Hmm, Driver=usb-storage eh? Let me check the phone and see if there is a setting on the phone... Sure enough, when connected via usb, the phone either acts as a modem *or* a memory card. Not both at the same time.

A quick change of config, disconnect/reconnect and hey presto I get the correct entry in /dev/ttyACM0 albeit with the wrong permissions for a standard user  :Sad:  But it works for root, so I'm heading in the right direction  :Smile: 

Thanks for your help.

Roly.

----------

## Miles

Glad to hear it's almost working. Bizarre though that it can only act as a USB storage device or modem at any one time.

----------

## rolypoly

Haven't tried the Windows software, that was included with the phone, since I don't use Windows but I can't imagine it will be any different, since it's a setting on the phone.

----------

## wswartzendruber

The Windows software lets you do only one thing (storage, modem, whatever).

----------

## phil_r

 *Quote:*   

> 
> 
> <snip>
> 
> T:  Bus=02 Lev=01 Prnt=01 Port=00 Cnt=01 Dev#=  3 Spd=12  MxCh= 0
> ...

 

Roly, how did you change it on the phone?  I have a similar issue but can't find the settings  :Sad: 

Phil.

----------

## Miles

 *phil_r wrote:*   

> 
> 
> Roly, how did you change it on the phone?  I have a similar issue but can't find the settings 
> 
> Phil.

 

Is it a setting on the phone, or is it just what driver is loaded when you plug in the phone?

----------

## rolypoly

Sorry for the verrrrrrrrryy long delay in replying.

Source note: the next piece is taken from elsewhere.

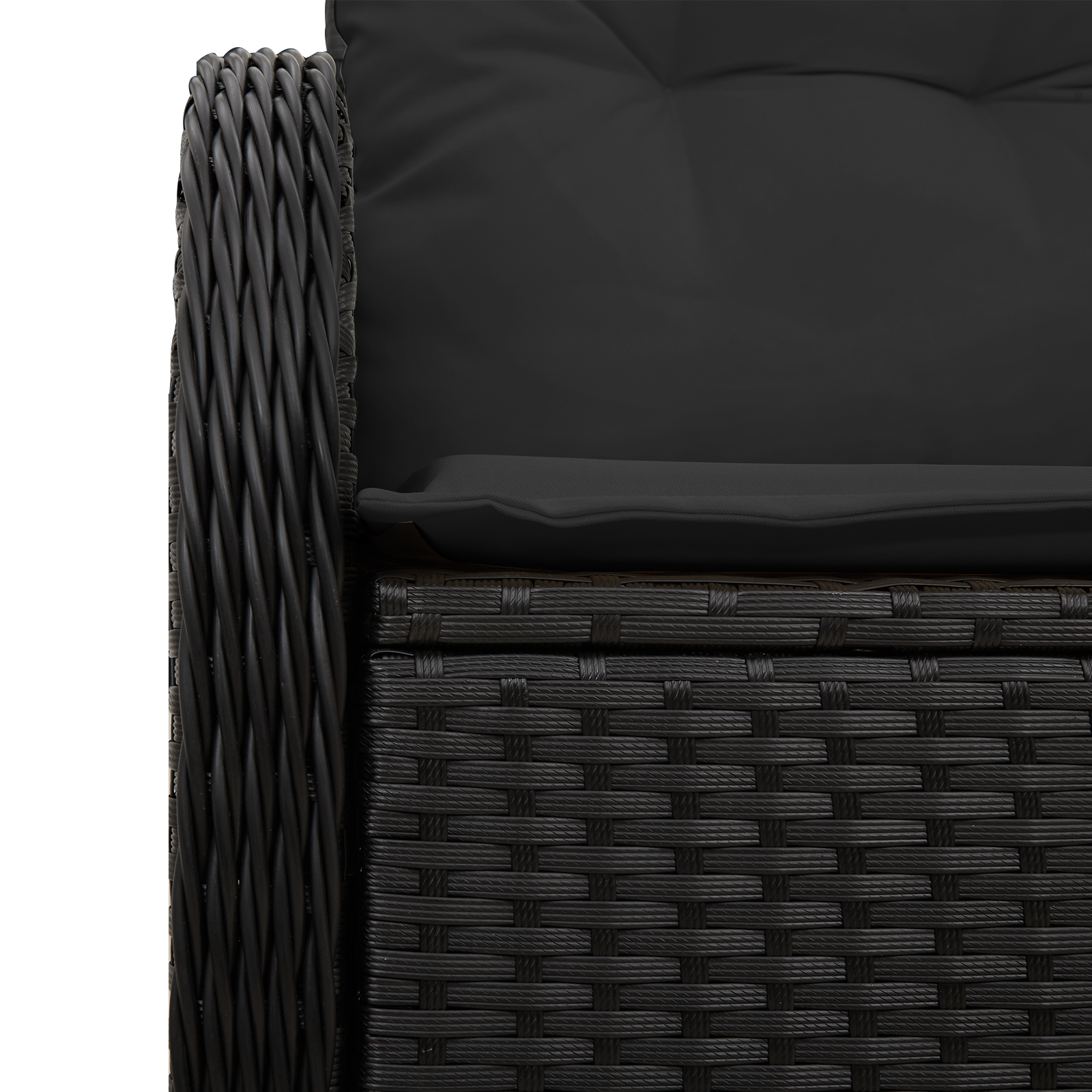 2-Seater Garden Sofa with Storage&Cushions Black Poly Rattan - Image 7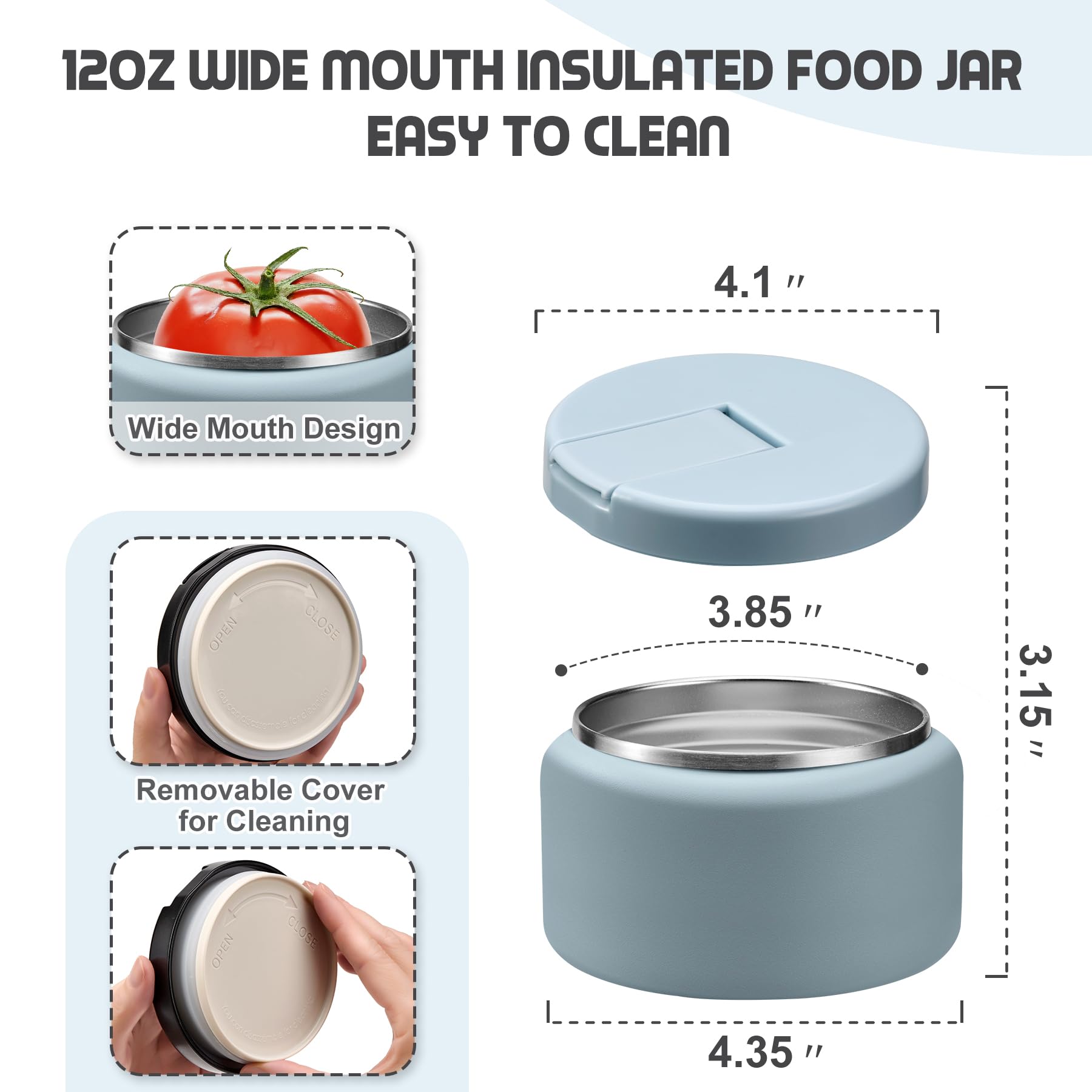 BOSEDSANG 13.5oz capacity provides more food for kids at lunch.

The setting is on the phone, under the connectivity options. Either set to modem OR memory card, not both.

----------

## bunder

this must be something new to the v3i... my v3(black) "just works".   :Embarassed: 

----------

## rolypoly

Yeah, the v3i has a micro SD slot, in which I had a 512Mb card. Although the v3 has some internal storage, it's not quite the same setup as v3i.

I now have a ROKR Z6  :Smile:  Great phone (and runs linux   :Razz:  ) but I've got issues with that too  :Sad:  Basically, it's got internal storage and a micro SD slot. When I plug it in, no new divices are detected, so I can't mount either of them. On the phone it now has 4 options : Media Sync, Memory Card, Modem or USB Printing. Media Sync is for managing the music via Microsoft Media Player (if you're that way inclined), while Memory Card makes it act like 2 mass storage devices (under windows), Modem acts like, well, a modem and USB Printing is probably for connecting directly to a printer (PICT Bridge?).

Anyway, I've got it setup as a memory card, but not much happens. Think it's probably best to start a new topic rather than carry on with this one...

----------